# Canon Rebel XS



## mbroberg

I am in the market for a new camera.  Sam's Club has a Canon Rebel XS (aka D1000) kit for 599.00.  The kit includes 2 lenses (EF 75-300 4-5.6 III lens and EF-S 18-55 IS  lens), 2 GB SD card, Bag, and other accessories.  My search through the forums here seem to indicate that the Rebel is a good camera, but most people talk about the Rebel XT of the XSi rather than the XS.  I looked through www.dpreview.com but frankly, that is written for someone who has a clue about cameras and is all a bunch of gobbelty goop to me.  Does anyone have any opinions about this camera for pen photography?  Of course I would also want to use it for general picture snapping as well.  Thanks.


----------



## Padre

Mike,
I just went through all of this!  I looked at lots and lots of cameras, reviews, prices, etc.

I finally settled on the new Canon T1i.  My reasoning was this: it took great pictures, did HD video, has a good "live view" capability (but not in auto mode) and some other specs were the highest in that price range.  To top it off, in that price range, it has the highest pixel count (purists, please don't jump on me for that.)

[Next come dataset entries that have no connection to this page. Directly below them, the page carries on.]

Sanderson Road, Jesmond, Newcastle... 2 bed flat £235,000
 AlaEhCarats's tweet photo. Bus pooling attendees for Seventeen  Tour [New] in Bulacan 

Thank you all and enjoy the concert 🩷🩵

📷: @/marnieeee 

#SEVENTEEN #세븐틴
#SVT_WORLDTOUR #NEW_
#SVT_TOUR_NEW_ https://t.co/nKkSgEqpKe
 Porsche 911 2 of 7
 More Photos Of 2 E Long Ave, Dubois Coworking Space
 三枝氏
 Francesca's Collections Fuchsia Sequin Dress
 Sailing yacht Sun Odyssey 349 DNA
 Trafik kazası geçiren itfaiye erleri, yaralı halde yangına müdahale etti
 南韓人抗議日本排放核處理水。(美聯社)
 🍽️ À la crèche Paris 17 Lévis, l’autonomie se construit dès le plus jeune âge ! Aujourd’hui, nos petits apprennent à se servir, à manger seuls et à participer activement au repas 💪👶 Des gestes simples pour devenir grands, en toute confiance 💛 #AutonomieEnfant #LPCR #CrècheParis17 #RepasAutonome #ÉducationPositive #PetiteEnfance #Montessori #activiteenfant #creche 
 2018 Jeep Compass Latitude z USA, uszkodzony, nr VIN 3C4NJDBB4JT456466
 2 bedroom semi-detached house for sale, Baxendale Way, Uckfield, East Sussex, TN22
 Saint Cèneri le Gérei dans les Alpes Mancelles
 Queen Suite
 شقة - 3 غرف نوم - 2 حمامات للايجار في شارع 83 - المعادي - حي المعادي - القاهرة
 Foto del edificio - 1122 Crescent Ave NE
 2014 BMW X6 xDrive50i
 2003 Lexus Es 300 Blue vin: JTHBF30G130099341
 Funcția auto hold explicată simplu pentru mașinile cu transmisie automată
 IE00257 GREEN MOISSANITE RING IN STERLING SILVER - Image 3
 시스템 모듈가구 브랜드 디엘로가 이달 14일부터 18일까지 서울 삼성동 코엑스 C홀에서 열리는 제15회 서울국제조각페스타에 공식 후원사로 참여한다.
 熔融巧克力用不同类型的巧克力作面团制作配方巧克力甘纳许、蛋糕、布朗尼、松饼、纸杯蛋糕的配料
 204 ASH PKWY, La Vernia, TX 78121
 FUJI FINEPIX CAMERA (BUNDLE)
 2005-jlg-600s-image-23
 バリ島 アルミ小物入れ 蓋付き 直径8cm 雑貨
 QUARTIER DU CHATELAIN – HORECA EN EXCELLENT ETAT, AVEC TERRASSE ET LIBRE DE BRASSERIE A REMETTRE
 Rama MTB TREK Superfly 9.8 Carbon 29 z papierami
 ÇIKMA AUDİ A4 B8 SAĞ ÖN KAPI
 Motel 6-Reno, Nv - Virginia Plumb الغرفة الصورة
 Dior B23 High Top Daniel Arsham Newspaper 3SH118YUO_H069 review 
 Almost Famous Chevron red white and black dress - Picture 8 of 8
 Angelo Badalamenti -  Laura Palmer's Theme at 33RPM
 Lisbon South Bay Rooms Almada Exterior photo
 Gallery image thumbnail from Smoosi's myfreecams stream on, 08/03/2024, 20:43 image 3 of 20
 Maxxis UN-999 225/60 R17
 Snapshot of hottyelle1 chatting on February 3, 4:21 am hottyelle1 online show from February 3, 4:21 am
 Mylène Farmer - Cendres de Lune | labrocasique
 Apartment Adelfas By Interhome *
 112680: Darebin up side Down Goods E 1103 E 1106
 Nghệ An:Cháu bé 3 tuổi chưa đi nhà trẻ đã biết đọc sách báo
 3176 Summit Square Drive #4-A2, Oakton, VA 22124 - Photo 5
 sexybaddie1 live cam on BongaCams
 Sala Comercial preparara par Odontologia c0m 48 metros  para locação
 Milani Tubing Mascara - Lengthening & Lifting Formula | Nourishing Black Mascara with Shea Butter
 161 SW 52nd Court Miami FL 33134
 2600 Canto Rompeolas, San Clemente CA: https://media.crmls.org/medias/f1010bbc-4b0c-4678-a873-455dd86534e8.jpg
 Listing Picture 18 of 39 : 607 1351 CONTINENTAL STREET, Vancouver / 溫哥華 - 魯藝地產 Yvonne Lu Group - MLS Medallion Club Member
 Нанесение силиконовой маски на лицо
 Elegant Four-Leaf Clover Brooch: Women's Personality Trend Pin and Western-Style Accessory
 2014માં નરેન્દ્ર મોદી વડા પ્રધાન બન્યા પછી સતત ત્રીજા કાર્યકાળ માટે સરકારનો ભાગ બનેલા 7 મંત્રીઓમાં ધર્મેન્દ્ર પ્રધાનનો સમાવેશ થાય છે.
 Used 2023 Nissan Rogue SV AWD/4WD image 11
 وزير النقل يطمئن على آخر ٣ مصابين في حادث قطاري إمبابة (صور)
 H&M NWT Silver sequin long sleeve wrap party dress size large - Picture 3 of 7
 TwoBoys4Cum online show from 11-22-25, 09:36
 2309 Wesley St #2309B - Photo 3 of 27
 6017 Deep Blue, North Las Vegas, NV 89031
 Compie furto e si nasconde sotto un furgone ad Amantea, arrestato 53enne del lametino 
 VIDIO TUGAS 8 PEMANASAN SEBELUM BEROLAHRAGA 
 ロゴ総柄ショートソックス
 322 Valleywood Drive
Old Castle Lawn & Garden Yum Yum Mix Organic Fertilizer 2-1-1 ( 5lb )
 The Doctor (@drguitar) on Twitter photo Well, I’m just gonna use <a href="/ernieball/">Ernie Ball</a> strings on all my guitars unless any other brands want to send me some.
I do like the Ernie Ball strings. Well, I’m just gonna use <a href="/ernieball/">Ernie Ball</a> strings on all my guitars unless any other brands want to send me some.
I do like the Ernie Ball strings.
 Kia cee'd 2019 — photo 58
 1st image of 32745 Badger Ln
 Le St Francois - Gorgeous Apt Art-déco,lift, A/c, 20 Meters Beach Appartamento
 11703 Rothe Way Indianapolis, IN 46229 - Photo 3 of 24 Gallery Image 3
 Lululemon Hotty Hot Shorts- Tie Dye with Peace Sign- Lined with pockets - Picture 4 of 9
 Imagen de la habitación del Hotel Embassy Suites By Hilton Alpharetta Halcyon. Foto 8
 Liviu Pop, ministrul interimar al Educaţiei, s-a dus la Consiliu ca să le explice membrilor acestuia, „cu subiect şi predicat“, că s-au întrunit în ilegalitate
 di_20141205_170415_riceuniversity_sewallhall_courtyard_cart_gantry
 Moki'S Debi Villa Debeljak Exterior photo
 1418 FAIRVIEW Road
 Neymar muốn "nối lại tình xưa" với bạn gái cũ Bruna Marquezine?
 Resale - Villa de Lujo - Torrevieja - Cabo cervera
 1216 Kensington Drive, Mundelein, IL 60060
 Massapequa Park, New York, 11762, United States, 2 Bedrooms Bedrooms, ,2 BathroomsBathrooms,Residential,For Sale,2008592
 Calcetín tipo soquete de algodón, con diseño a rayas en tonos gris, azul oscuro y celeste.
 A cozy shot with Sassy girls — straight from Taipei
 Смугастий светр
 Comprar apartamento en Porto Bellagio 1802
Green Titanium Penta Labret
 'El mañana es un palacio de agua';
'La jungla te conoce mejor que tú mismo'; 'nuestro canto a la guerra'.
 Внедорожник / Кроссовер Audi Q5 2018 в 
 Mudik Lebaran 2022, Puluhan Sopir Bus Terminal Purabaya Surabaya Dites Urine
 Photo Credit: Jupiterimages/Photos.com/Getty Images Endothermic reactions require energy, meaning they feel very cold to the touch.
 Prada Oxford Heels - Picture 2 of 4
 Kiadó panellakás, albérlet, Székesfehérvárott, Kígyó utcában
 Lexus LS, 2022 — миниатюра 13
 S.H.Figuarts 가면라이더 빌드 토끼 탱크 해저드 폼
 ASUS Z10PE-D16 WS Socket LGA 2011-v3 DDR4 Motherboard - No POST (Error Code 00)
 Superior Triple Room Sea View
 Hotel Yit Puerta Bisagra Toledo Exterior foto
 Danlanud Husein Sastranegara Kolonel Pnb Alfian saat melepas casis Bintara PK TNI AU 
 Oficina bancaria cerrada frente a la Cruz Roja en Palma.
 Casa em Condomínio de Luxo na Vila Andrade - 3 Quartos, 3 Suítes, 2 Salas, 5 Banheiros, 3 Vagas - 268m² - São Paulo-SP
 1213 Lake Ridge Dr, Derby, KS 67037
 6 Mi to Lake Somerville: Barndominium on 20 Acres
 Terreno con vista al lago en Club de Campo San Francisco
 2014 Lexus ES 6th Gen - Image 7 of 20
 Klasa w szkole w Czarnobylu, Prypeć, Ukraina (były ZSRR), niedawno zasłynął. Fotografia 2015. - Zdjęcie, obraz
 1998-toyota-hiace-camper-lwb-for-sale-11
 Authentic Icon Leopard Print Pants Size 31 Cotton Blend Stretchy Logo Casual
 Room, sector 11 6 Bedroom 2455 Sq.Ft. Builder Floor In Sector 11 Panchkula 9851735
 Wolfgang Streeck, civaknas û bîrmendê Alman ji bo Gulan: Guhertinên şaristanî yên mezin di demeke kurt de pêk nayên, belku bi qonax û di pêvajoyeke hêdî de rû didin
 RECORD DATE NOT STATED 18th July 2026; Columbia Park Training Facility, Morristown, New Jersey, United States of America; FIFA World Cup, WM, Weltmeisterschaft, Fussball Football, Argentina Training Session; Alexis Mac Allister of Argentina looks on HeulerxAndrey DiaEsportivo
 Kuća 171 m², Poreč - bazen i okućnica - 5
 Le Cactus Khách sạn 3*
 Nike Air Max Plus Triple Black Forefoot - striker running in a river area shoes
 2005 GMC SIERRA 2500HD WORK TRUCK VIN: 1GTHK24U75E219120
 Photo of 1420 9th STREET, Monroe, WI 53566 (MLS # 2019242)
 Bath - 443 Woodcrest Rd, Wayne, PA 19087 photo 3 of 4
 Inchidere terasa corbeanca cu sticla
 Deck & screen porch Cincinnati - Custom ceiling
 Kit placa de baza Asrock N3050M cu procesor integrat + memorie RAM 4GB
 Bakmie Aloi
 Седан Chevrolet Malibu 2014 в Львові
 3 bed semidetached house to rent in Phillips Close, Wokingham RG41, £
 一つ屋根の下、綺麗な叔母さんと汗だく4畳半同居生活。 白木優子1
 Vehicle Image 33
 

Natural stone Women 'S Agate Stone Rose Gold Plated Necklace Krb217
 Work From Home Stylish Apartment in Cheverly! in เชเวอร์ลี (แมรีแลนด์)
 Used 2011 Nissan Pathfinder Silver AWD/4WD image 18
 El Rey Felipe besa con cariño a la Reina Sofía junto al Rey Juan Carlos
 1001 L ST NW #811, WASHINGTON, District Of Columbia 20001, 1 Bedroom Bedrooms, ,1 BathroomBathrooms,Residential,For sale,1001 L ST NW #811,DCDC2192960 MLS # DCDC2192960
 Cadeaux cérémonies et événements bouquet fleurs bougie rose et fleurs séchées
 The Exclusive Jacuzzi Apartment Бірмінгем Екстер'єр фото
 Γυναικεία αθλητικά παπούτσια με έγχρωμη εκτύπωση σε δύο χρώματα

I priced them out all over the place including Sam's, BJ's, Costco, etc.  And for the money, I ended up getting it, believe it or not, on Ebay from CCR Camera.

I purchased the extended warranty (even though Consumer Reports says don't).  The package came in two days and it had everything I needed, including a ton of Class 6 SDHC memory (64 gigs worth), two really nice cases, two Canon lenses, etc., etc.

Hope this helps.


----------



## PTownSubbie

Mike,

A quick look at Canon's site and it looks like the differences with the XS and XSi is a slightly smaller MPixel count (10.1 vs 12.2) and the LCD is slightly smaller (2.5" vs 3").

I would think this camera would be a very good camera and the price seems pretty competitive. 

I have the XSi and love it. The wife is wanting to steal it and wants me to buy a new one. I am currently looking at the T2i.

Hope this helps a bit.


----------



## jocat54

Mike I have the same camera and really like it. I got it for Christmas and am still learning how to use it. Don't think you would be disappointed with it.


----------



## toddlajoie

For the most part, any of these cameras should be more than adequate for pen photos. The difference between 10 and 12 megapixels is rather minor unless you are making huge enlargements (I have made perfectly fine 20x24 inch prints from a 12 megapixel camera, and even some 30x40's...) Your shortcoming is going to be the kit lenses. Typically they are "all around" general purpose lenses that are not made for close-up, macro, or small objects. You may have a hard time getting them to focus close enough for taking your pen photos (people will say you can crop the photos, but I feel that in working with small shiny objects, it is not practical to be 6 or 8 feet away from them, and that distance will increase the surrounding reflections, since you can't get your reflectors/diffusers in close...) I did not check the specs on those specific lenses, but for me with pens, you want to be able to focus at least down to 2 feet, 1 would be better). You will not likely find a kit that has a lens that is going to work for this, so if you're looking for an all-around camera and a pen shooter, I might suggest you look at a single lens kit, and use the extra $$ saved to buy a lens that is going to work for pens, a good prime (i.e. non-zoom) lens in the 50-100 mm range that can focus down to 1 or 2 feet should do fine.


----------



## mbroberg

Thank you everybody for the comments and advice.  Look to see some better pictures from me in the future!!


----------



## programmergeek

I have had many canon camera including the xsi and t1i I would go for the t1i the newer version is the t2i and is also grate but not as much improvment as going from the xsi to the t1i.  I have used the t1i for about 8 months to shoot pens and pics of my daugher it has been great.  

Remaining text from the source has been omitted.